By: Yelin Gemma Lee, News Writer
The Board of Governors (BoG) meeting on September 28, 2021 began with a presentation by SFU350 on their Climate Emergency Open Letter and its demands. Since its release on August 11, 2021, the letter has gained over 900 signatures from students, faculty, staff, and community members.
The Board voiced their support for SFU350’s proposal after the student group presented and left the call, but SFU350’s demands were delayed and referred to management in two separate motions. Serena Bains, the only undergraduate BoG representative, was the only one to vote against these delays.
Following the presentation, board member Angie Hall moved a motion to respond to SFU350’s demands.

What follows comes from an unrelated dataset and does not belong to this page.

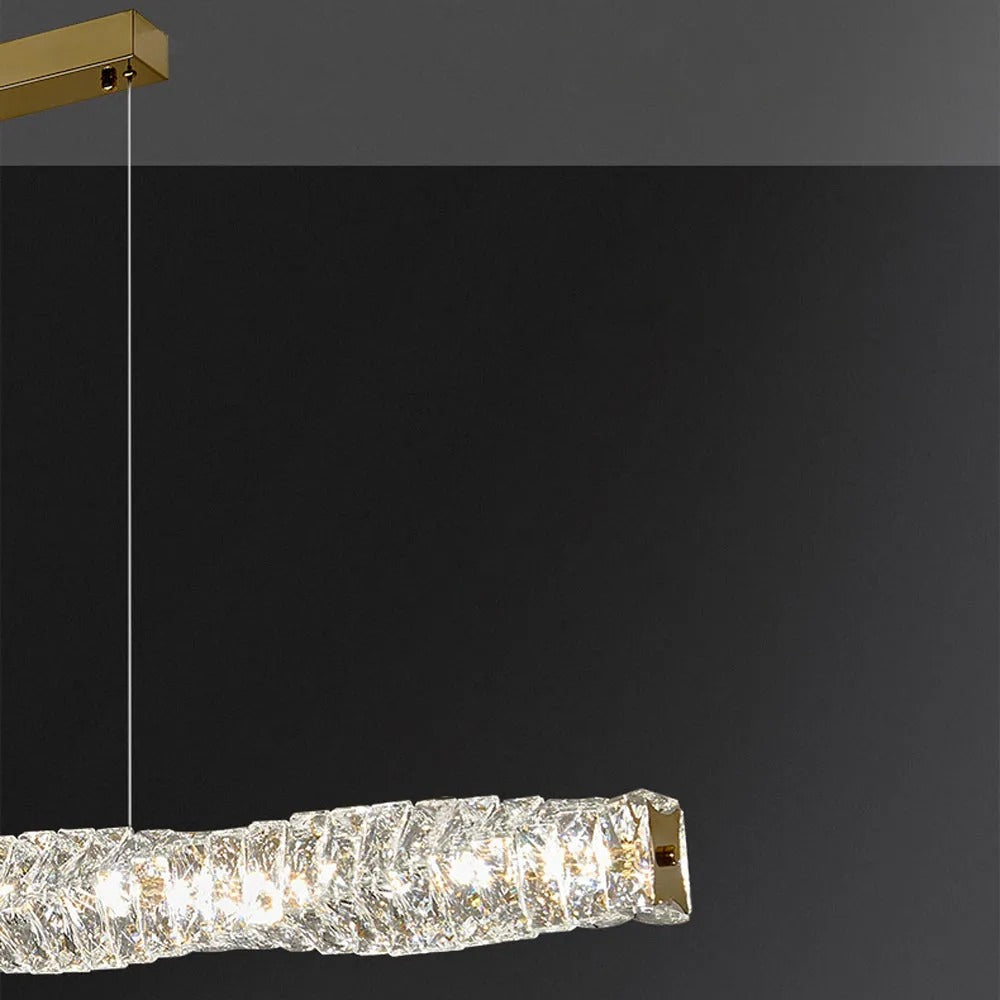 Kristy Vintage Linear LED Pendelleuchte Gold/Silber Esstisch/Schlaf/Wohnzimmer 100-120-150cm Metall Kristall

The motion includes progress reports from management on SFU’s Race 2 Zero goals and for the Board to “recognize the unequivocal evidence of climate change,” amongst other demands. Bains moved to add the following amendments to Hall’s motion: to declare a climate emergency and commit to divesting from fossil fuels among other demands. She also asked for the Board of Governors to be updated on this progress by November 2021.
Bains’ amendment was not seconded, with Hall’s original motion passing successfully.
In response to SFU350’s presentation, Johnson moved to consider SFU350’s demands at a later date. The Board said this was to gain time to carefully reflect and gather data before agreeing to SFU350’s demands. The Board voted in favour of Johnson’s motion, with one objection from Bains.
“It was clear that the Board of Governors preferred to delay a vote on the 350 motion and avoid any accountability that comes along with voting against such a motion,” said Bains to The Peak. “I’ve never seen an amendment fail to receive a seconder and die on the floor like that.”
SFU released a statement following the BoG meeting. This statement outlined some of their work against climate change, announced their commitment to UN’s Race 2 Zero pledge, and stated they will be releasing more aggressive action items soon. They reported the Board requested regular updates on SFU’s progress with the pledge and for “management to respond to the proposal of SFU350 more quickly than the timeline requested by the student group.”
The Peak spoke to WeiChun Kua, SFU350 executive and one of the presenters in the meeting. “Our intention from the very start of our climate emergency declaration campaign was to have SFU commit to declaring a climate emergency, commit to our 7 demands in principle, and [ . . . ] formulate a plan to execute those demands and report back by April 2022,” said Kua.
“SFU is committing climate injustice with their delay tactics and by not acting on what students, faculty and staff are asking for, but we will keep pushing and we won’t stop until there is climate justice.”